The application also helps individuals with hearing and speech handicaps to reach crisis services, among them rescue vehicles and firefighters.

LACK OF ACCESSIBILITY 

According to US author Diane Driedger, a professor of disability studies, “worldwide figures suggest that approximately 80 per cent of PWDs come from developing countries.” According to the WHO, in Egypt PWDs constituted around 12 per cent of the population in 2015.

UK social-affairs journalist Saba Salman wrote in the British newspaper The Guardian recently that even in the UK many government and private buildings still do not have available pavements, accessible public transportation, and lifts or slide ramps for PWDs. This inaccessible environment can deprive PWDs of access to equal education and job opportunities, leading to higher poverty rates among PWDs compared to the non-disabled, with almost 19.6 per cent of them living below the poverty line, she said.

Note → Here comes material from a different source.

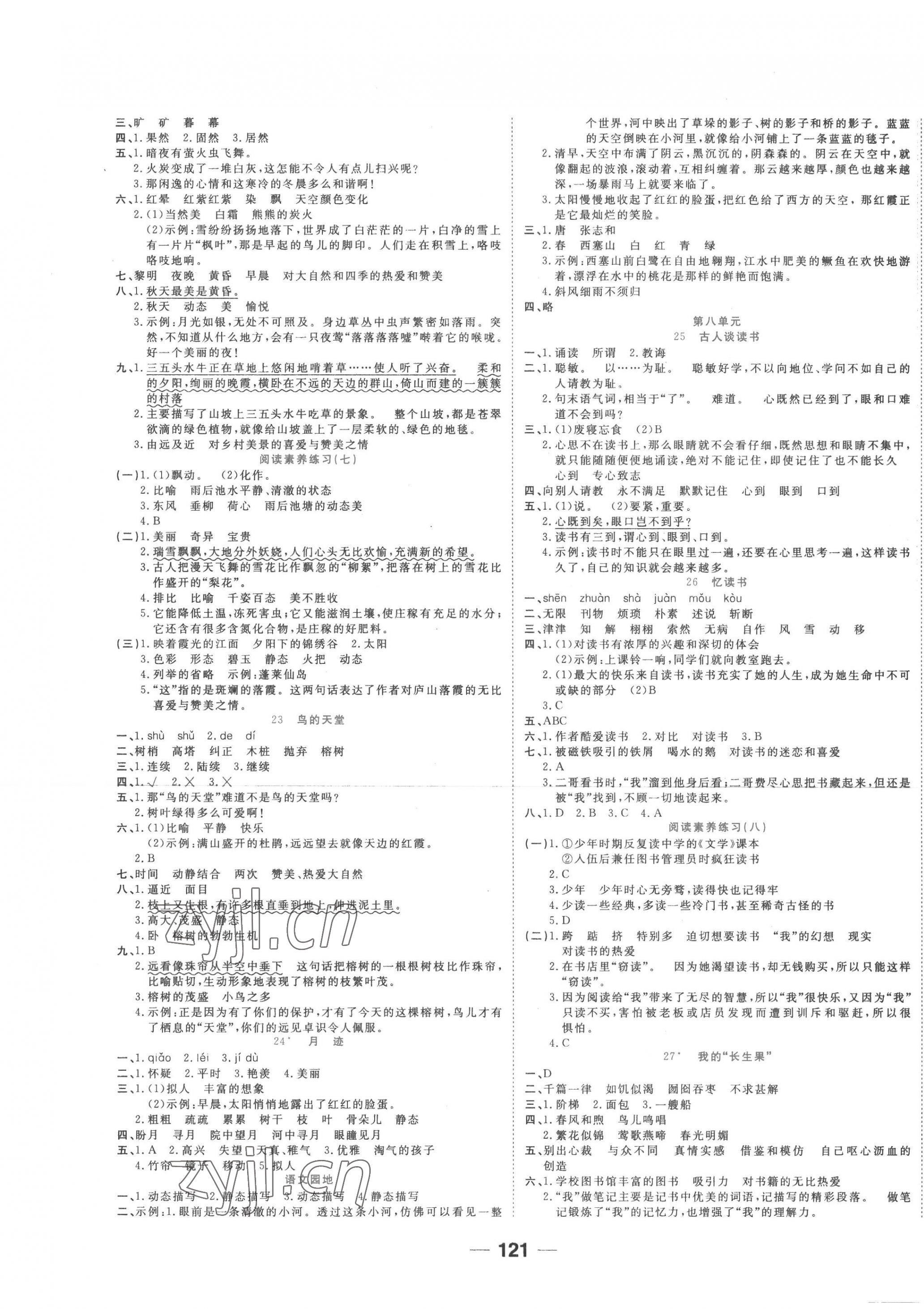 2022年奪冠新課堂隨堂練測(cè)五年級(jí)語(yǔ)文上冊(cè)人教版 第5頁(yè)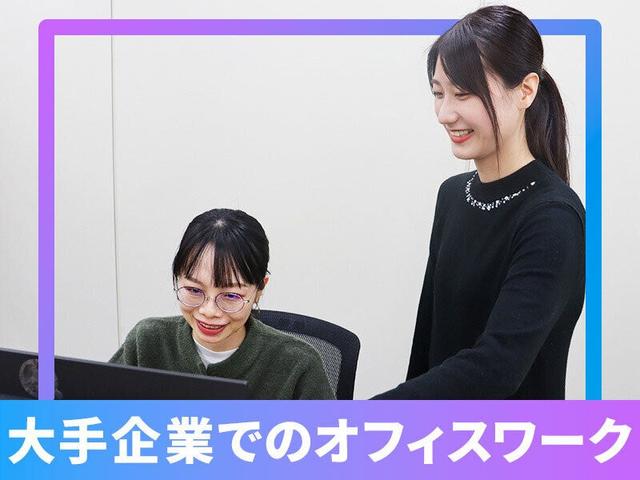 【電話対応なし！】事務◆年休最大132日！子育て中の急な休み○(オフィス、名古屋市中区)のイメージ画像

In Egypt, the constitution states that “the State shall guarantee the health, physical, social, cultural, entertainment, sporting and educational rights of persons with disabilities and seek to adapt public facilities and their surroundings to their particular needs.” But there are still many obstacles to inclusion, including sometimes inaccessible buildings, public transport, public spaces, hospitals, and so on. This can quickly affect the ability of PWDs to fully experience the social, economic, and political opportunities of their community.

The implementation of accessibility measures in Egypt has long relied on the 1979 Rehabilitation Act, which defines a PWD as “any person who has become unable to rely on him/herself while performing his/her work. His/her inability to do so is the result of a physical, emotional, sensory, or congenital disability.”

The act emphasises the need to “provide social, psychological, medical, educational and professional assistance to all persons with disabilities and their families to help them to resolve the negative effects of disability.”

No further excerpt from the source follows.